Poster by James Groleau, 1981.
From Resisters.info
The “National Commission on Military, National, and Public Service” has announced that the second of its “open-mike public hearings" throughout the US on whether registration for a military draft should be ended or extended will be in Denver, Colorado, on Thursday, April 19th, from 3-5 p.m.:
Open-Mike Public Hearing National Commission on Military, National, and Public ServiceThursday, April 19, 2018, 3-5 p.m. (doors open at 2:30)
Denver Museum of Science and Industry Schlessman Lobby, Entrance 5 (Evening Entrance) 2001 Colorado Blvd., Denver, CO
Matt Nicodemus (phone 720-979-9967) of the Rocky Mountain Peace and Justice Center in Boulder is organizing local folks to attend the Denver hearing. Please let Matt know at if you plan to attend or can help with local activities. Some readers of this blog will remember Matt’s public refusal to register for the draft in 1980, and his work as an organizer with the National Resistance Committee and as co-editor of Resistance News.
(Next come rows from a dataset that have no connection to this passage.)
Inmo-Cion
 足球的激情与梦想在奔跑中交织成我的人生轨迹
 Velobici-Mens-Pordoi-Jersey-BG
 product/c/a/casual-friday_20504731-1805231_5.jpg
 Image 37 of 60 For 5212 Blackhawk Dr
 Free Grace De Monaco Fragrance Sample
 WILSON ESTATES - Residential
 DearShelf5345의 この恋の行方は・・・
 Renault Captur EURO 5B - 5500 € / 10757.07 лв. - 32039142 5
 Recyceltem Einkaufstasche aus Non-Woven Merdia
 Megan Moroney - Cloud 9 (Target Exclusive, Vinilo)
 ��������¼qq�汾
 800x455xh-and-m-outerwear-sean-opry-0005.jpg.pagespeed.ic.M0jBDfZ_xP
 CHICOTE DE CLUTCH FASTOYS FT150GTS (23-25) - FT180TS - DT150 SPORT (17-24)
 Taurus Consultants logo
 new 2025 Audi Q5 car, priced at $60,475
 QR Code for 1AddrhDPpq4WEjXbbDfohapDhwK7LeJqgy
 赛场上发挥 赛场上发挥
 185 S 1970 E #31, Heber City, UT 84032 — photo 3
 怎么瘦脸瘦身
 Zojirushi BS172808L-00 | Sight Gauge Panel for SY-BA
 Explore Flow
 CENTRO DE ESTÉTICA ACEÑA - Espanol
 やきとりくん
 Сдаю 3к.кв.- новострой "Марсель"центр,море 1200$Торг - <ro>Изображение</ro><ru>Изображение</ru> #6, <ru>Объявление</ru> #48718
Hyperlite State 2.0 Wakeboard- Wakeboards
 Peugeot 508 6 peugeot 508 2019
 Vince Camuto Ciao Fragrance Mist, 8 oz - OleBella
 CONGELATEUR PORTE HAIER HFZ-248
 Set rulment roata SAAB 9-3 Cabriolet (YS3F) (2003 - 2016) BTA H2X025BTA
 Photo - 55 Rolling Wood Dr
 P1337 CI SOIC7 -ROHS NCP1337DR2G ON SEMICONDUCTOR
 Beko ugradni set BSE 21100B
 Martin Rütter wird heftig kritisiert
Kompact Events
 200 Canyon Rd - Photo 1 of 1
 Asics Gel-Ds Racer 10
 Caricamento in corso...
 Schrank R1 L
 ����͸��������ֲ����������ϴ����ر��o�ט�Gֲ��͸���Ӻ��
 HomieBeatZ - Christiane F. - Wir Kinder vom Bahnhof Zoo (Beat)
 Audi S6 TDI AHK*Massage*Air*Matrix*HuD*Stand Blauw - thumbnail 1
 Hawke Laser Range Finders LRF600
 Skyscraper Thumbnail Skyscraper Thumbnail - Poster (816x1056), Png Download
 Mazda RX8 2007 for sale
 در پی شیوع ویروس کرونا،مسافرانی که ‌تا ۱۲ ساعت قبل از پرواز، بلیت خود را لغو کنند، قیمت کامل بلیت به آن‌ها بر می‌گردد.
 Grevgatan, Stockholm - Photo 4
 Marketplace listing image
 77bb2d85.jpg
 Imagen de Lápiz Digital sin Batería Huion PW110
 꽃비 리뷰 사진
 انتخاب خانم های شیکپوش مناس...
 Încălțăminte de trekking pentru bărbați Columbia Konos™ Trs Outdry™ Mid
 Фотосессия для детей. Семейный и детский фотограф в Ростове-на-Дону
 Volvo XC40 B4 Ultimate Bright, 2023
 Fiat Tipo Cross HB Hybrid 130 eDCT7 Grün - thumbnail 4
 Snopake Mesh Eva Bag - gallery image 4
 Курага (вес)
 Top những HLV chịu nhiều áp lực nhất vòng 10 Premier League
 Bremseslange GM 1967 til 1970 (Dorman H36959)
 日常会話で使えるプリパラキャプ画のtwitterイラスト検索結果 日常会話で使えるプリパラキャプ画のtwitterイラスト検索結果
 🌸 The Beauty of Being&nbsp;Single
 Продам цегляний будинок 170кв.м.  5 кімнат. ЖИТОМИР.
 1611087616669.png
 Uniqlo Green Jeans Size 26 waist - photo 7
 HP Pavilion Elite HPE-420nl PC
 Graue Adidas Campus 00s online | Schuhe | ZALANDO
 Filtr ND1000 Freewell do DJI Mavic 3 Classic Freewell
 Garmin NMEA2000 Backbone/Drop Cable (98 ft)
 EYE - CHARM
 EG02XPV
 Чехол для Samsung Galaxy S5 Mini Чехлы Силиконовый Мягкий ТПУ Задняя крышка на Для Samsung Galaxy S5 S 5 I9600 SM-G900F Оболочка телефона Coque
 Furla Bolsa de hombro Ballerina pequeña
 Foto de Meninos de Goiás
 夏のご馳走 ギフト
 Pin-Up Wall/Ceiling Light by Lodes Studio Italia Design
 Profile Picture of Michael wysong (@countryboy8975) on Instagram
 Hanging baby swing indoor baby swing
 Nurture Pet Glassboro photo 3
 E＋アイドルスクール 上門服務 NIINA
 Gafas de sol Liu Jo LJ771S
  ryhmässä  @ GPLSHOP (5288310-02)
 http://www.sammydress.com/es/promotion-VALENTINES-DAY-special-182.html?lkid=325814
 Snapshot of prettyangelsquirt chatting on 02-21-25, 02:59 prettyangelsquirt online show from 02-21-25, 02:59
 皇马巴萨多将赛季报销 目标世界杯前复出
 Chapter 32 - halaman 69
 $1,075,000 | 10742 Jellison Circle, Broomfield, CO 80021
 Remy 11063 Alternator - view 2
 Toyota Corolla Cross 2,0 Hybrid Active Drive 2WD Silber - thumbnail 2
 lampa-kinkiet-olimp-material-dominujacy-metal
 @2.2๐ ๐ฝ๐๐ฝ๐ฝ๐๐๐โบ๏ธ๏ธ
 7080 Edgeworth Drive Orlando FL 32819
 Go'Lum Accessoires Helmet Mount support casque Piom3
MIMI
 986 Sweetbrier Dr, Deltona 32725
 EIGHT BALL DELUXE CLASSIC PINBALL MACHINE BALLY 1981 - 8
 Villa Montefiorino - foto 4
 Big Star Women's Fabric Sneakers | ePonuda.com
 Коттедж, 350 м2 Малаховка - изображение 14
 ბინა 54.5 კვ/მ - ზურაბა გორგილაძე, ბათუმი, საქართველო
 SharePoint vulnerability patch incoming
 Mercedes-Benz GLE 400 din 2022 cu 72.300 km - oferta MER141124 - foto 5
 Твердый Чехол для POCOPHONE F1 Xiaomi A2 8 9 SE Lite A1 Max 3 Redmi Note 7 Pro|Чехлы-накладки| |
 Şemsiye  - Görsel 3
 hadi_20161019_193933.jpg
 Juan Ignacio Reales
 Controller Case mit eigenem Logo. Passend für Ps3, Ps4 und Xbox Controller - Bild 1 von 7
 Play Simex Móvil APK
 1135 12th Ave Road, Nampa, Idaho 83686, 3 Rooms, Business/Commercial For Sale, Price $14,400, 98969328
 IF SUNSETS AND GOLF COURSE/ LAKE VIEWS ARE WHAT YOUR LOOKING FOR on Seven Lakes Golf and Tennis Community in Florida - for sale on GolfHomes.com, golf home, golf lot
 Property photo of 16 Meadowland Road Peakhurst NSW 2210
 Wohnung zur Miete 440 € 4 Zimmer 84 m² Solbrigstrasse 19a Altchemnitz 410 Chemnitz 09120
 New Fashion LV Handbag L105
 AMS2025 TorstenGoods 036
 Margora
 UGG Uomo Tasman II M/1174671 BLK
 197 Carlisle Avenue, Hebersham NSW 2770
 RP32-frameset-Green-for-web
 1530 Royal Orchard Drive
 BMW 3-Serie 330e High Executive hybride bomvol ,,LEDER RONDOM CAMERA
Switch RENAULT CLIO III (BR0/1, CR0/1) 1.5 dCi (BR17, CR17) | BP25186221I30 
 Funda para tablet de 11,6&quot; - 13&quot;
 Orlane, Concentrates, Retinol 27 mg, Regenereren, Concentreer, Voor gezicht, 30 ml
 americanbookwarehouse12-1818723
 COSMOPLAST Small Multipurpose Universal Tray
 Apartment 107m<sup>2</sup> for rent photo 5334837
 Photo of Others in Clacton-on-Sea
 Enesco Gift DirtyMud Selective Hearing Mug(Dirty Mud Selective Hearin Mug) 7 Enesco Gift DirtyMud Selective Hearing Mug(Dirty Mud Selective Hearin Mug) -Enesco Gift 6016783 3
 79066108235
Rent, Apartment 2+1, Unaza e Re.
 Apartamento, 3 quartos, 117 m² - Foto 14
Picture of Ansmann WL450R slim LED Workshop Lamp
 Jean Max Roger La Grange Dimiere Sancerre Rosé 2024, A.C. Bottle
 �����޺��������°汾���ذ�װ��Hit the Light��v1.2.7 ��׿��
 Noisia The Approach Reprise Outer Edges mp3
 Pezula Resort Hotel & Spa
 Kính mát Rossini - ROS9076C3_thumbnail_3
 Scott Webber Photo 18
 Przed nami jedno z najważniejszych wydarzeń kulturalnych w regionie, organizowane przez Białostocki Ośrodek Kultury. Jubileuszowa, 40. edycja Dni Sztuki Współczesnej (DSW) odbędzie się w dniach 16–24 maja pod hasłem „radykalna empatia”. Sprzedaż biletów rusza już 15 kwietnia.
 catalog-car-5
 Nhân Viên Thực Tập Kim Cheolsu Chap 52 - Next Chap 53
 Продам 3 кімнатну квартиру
At the Commission’s first hearing, in Harrisburg, PA, on February 23rd, each witness was allowed 2 minutes to speak. Time limits weren’t strictly enforced, but might be reduced depending on how many people show up.
If you want to say more, or you can’t make it to Denver on April 19th, you can submit written comments to the Commission through April 19th, or possibly later. (The Commission is conducting its proceedings quite informally, and late comments are likely to be accepted. But acceptable and consideration of late comments will be at the Commission’s discretion.)
The Commission has said it plans to hold more hearings including at least one in in each of the nine US Census regions, but hasn’t yet announced any of the other dates or locations. Look for announcements of future hearings here on the Commission’s Web site.
- Background on this Commission and why it is holding these hearings
- Podcast overview of what’s happening with the draft, and why
- Web form for short written submissions
Longer written submissions can be sent to national.commission.on.service.info@mail.mil, mentioning “Docket No. 05-2018-0” in the subject line of the e-mail message.
This is your chance to tell the commission what you think about the draft, draft registration, and/or compulsory national “service”.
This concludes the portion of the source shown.